■ **WHAT TO PRODUCE**: Find the line containing "নির্জন লাউয়াছড়া বনে" in the records below. Copy exactly that line and each one after it, ending at the line containing "2011 كاتربيلر AP300-45716835", and nothing more.

■ **TASK INPUT**:
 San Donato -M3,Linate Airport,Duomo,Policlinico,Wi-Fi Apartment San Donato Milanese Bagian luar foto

==

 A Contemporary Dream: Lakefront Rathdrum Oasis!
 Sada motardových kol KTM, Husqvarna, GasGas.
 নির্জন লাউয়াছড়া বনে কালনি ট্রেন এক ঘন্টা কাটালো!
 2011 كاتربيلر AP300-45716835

■ **THE ANSWER**:
 নির্জন লাউয়াছড়া বনে কালনি ট্রেন এক ঘন্টা কাটালো!
 2011 كاتربيلر AP300-45716835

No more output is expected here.